Question about the f1 score classes

flairNLP / flair

A very simple framework for state-of-the-art Natural Language Processing (NLP)

https://flairnlp.github.io/flair/

Other

13.94k stars 2.1k forks source link

Question about the f1 score classes #318

Closed weiczhu closed 5 years ago

weiczhu commented 5 years ago

Hi, We are planning to do a compare with Flair and other model for NER. As for the F1 score, there is a function get_classes, could you clarify what classed are used for calculating the f1 score? Do you calculate the micro average for all the labels ('B-', 'I-' and includes 'O') or just the positive labels ('B-', 'I-' excludes 'O') ? Because I see for some BERT based NER evaluation metrics they calculate the f1 score only with positive classes. We want to have a fair comparison between Flair and theirs. Thanks Looking forwarding for you reply. Travis

tabergma commented 5 years ago

@weiczhu, we are using only the positive labels ('B-', 'I-' excludes 'O') for calculating the f-score. The get_classes method from the metric object returned from the evaulation will return a list with all positive labels. We don't include O in that list.

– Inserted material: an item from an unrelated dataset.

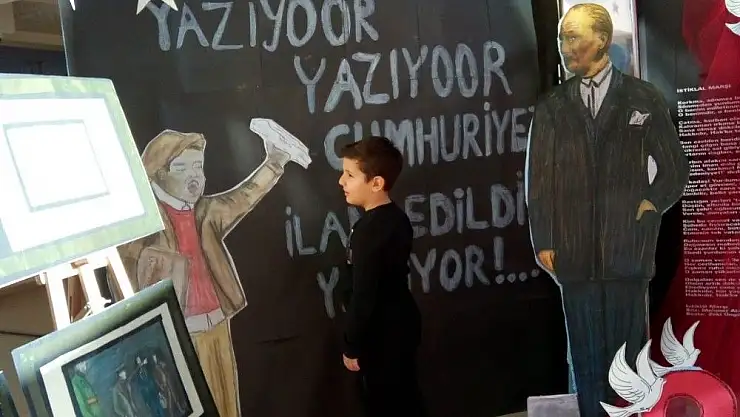 'İbrahim Yücel´de `Bir Ömür Cumhuriyet´ sergisi'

nooralahzadeh commented 5 years ago

Hi, I am wondering if you follow the official evaluation of CoNLL03, where you measure the F1 based on the full extraction of Named entities?

alanakbik commented 5 years ago

Hi, yes we follow the official evaluation standard. Our script produces identical results as the CoNLL-03 script on BIO formatted tags and slightly lower results on BIOES formatted tags (the original CoNLL-03 script does not always correctly evaluate BIOES).

nooralahzadeh commented 5 years ago

I see! It means than the f1 that you reported on the paper is based on the full extraction of NE not based on the tags. But the metric class of your code is based on the tags ? rights?

alanakbik commented 5 years ago

Hi, no in both cases the metric is the same. Both the code and the paper use the same metric as used in the CoNLL-03 script. For spans, we always compare the full extraction of the NE.

The metric class can do both spans and tags, depending on the task. For PoS we use tags, but for NER we use the full NE span.

PieterDujardin commented 4 years ago

Hi, to follow up on this. Is it possible to somehow get the predictions out (i.e. in a y_pred list) so that we can calculate F1 using other libraries? Thanks!